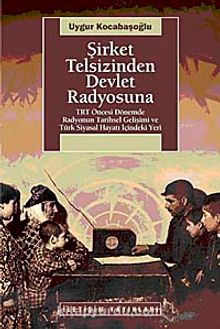 Şirket Telsizinden Devlet Radyosuna & TRT Öncesi Dönemde Radyonun Tarihsel Gelişimi ve Türk Siyasal Hayatı İçindeki Yeri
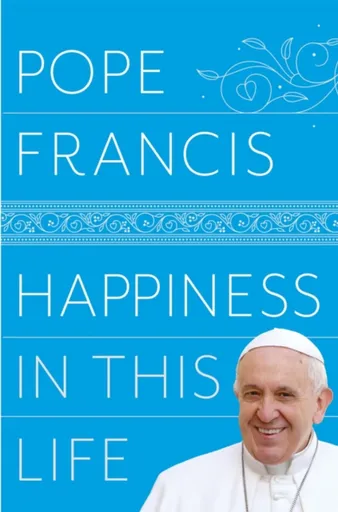 Happiness in This Life - Pope Francis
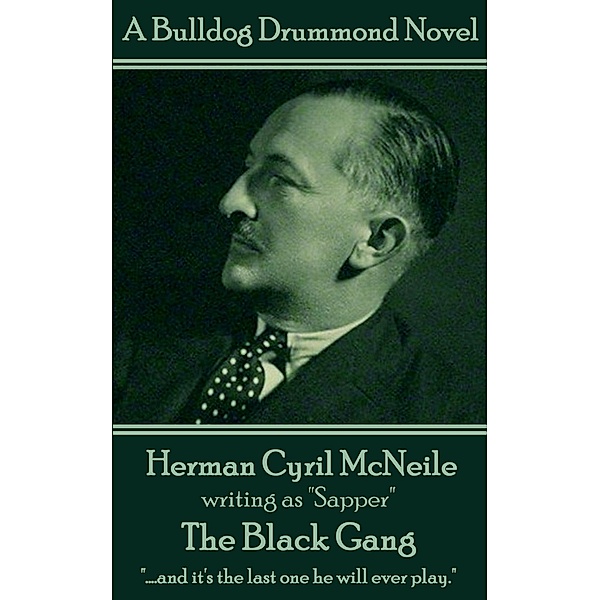 The Black Gang / Classics Illustrated Junior, Herman Cyril MacNeile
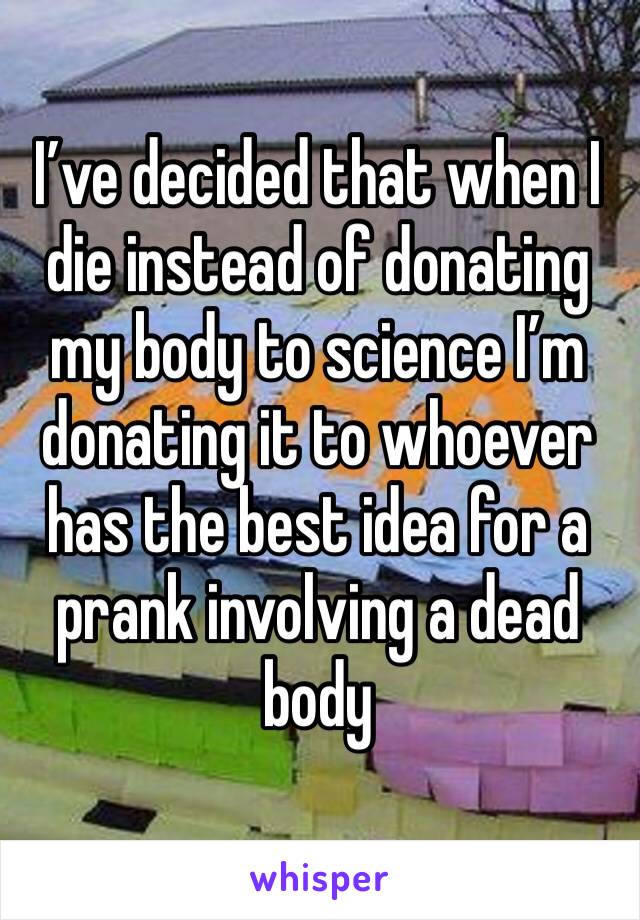 I’ve decided that when I die instead of donating my body to science I’m donating it to whoever has the best idea for a prank involving a dead body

**What to do:** Starting at the line that holds "Happiness in This Life - Pope Francis", repeat every line through the end of the listing exactly as written, skipping any picture.

**Finished exercise:**
 Happiness in This Life - Pope Francis
 The Black Gang / Classics Illustrated Junior, Herman Cyril MacNeile
 I’ve decided that when I die instead of donating my body to science I’m donating it to whoever has the best idea for a prank involving a dead body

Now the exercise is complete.